I'm starting with a small group from my church soon, but I know it won't be the same. My boss offered to make one Sunday a month work, somehow. Those few Sundays will be such a relief - and I will be slow and careful to receive all that's given.
Lovely post, Kelly - thank you for this.
We've spoken before about falling in love with the liturgy, a lucky and enduring love. I tell college students they can't depend on "the mood" to write, and I tell Sunday school students they can't depend on "the mood" to be a part of the church community-- I'm trying to shore them up so they don't rely on something as shifting as "mood." But if I confess the truth, I am almost always hungry enough to be in church.
So they shouldn't rely on mood. But I do. Something about the liturgy pulls at me-- and if it stopped pulling at me, I'd still go. But for this pull, I'm deeply thankful.
Thanks so much for this post. At a time when it seems more and more people are giving up on church it is a great encouragement to read these words. Keep eating!
Peace,
Brian
Too often I wake up on Sunday morning exhausted, desiring nothing more than solitude and stillness. In the past I have talked myself too often into substituting my time in church with just some spiritual reading with my coffee. But then that still small voice begins to prod at me: "You get up and go to work on weekdays, even though you'd rather stay in bed. Why does your job hold you to a 'regular practice' while the Body of Christ does not?"
I'm tired of my own insufficient rationalizations. I'm trying to learn that the question shouldn't be "Do I feel like going to church this morning?" but rather, "Have I ever regretted attending church?" The answer to the latter is "No" ... or better, I've never regretted attending a church in which the focus of the service is Christ instead of socializing; Christ instead of a musical performance; Christ instead of a pastor and his charismatic personality.

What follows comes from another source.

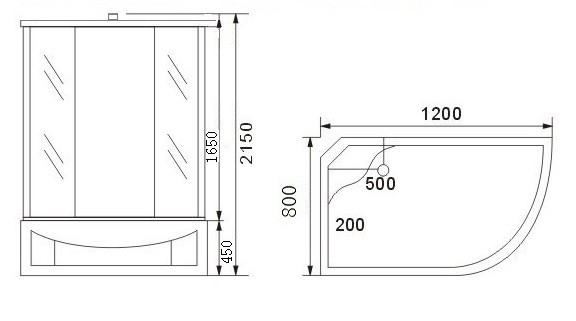 Душевая кабина Aqualux Modo 130x85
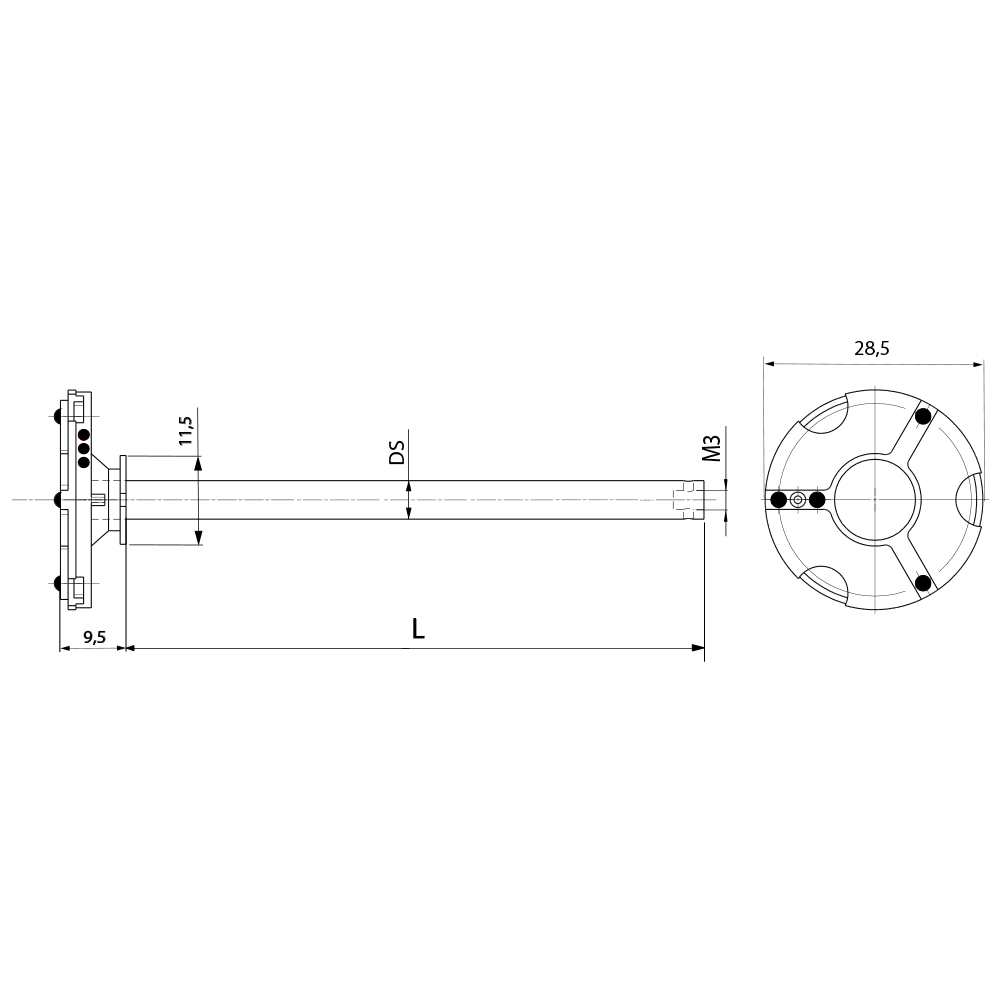 Drawing of product M3 Adaptor plate TL4 for ZEISS XXT; L 75.0 mm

Our church made a change several years back: Communion every Sunday, instead of just once a month. Since then, I've realized that communion and liturgy are essential meals, and I feel hungry all week when I skip them. While I do sometimes get too caught up in the hustle and bustle of social activity before and after church (Do you ever come away from church feeling like people around you have just heaped a hundred new "prayer burdens" on your shoulders, and you're troubled and weary even before Monday morning arrives?), if I'm honest with myself then I must admit that I've never, ever been anything but humbled, blessed, and strengthened by taking my place with the Body of Christ and affirming my commitment. Breakfast may be the most important meal of my day, but Communion is the most important meal of my week.
Your words here are additional encouragement in my ongoing fight against my own weaknesses. Thanks so much for sharing them.